Nick Pratto 2017 MLB Draft Profile
It’s been beaten to death the fact that California seems to be the primary source of premium athletic talent, and Nick Pratto adds to the lengthy list. Hailing from Huntington Beach High School, he’ll be the 27th player picked up by an MLB franchise from that school. According to MLB.com, the pitcher/first baseman is considered to be a possible first-rounder as well, and one of the best players available.
Initial reports had the lefty as a decent pitcher with a polished high school bat. At 6’2″ and 200 pounds, he’s a good-sized kid for 18 years old. Because of his hitting and defensive play, teams consider him as a position player, rather than a pitcher at this point.
If your definition of a “five-tool player” is a prospect showing average or above average abilities in all five categories, Pratto is your man. Athletic, determined, and praised for his plus hitting and fielding, he profiles as more than just a first baseman at the big-league level. He’s also already been on the big stage, when he competed in the Little League World Series in 2011.
The first thing mentioned about Pratto is his advanced hitting. He is widely regarded as the most advanced bat within the high school ranks.

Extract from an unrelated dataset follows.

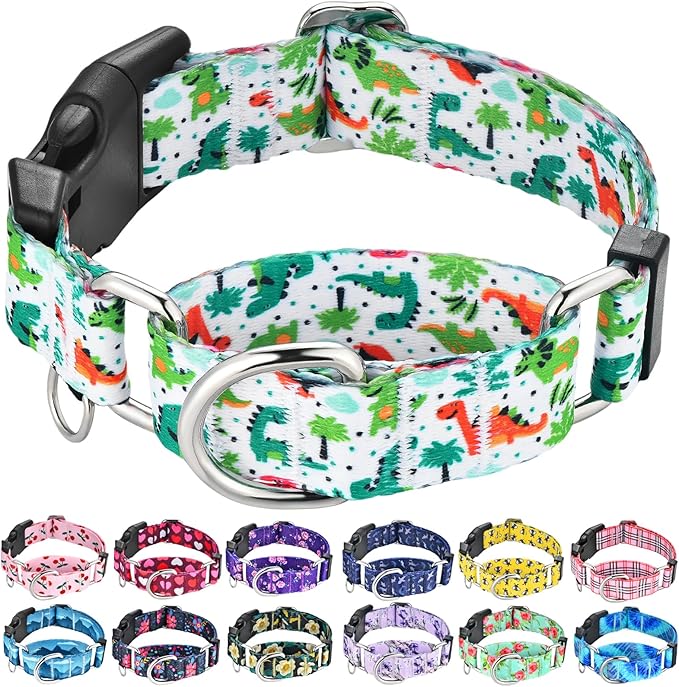 Martingale Dog Collars with Buckle No Pull Training Dog Collar for Large Dogs (Green Dinosaur, Large)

Projected as a plus hitter with average power, he’s especially coveted for his plus defense paired with an above average arm.
Pratto doesn’t fall in with the one dimensional first baseman-type. He’ll be a Gold Gove contender if he pans out, with defensive numbers that’ll satisfy any General Manager in building a contender.
Pratto has a good bat and is a great defender, but at 6’2″ and 200 pounds at 18 years of age, it’s unlikely Pratto will grow much more. And his power has been judged in harsh manner because of it. He’s considered undersized for a big league first baseman.
He may not grow into “first base size” such as 6’5″ Freddie Freeman, or 6’4″ Mark Trumbo. But this is just overly-picky scouting at this point, as Joey Votto sits at 6’2″, 220, and Eric Thames is 6″ and 210. It’s a worry that only makes sense in the scope of hitting for power. The likes of Thames and Prince Fielder have proven that home run power is possible without “first base size.”
@PatrickMollette yep it’s plus right now and he’s been hitting for more power this spring too. Plus now in that area as well.
— Carlos Collazo (@CarlosACollazo) May 19, 2017
Of course, Thames and Fielder are still sized players without considering height, and Votto is a potential Hall of Fame talent if he keeps up. It’s hard to imagine Pratto failing to put on 15+ pounds and another inch during the minor-league grind though.
As mentioned earlier, Pratto looks quite a bit like a slightly smaller Eric Hosmer. Pratto is already a proven winner, much like Hosmer. He has the ability to play first base better than most in the league every year, and might even swipe double-digit bags in his early days as well.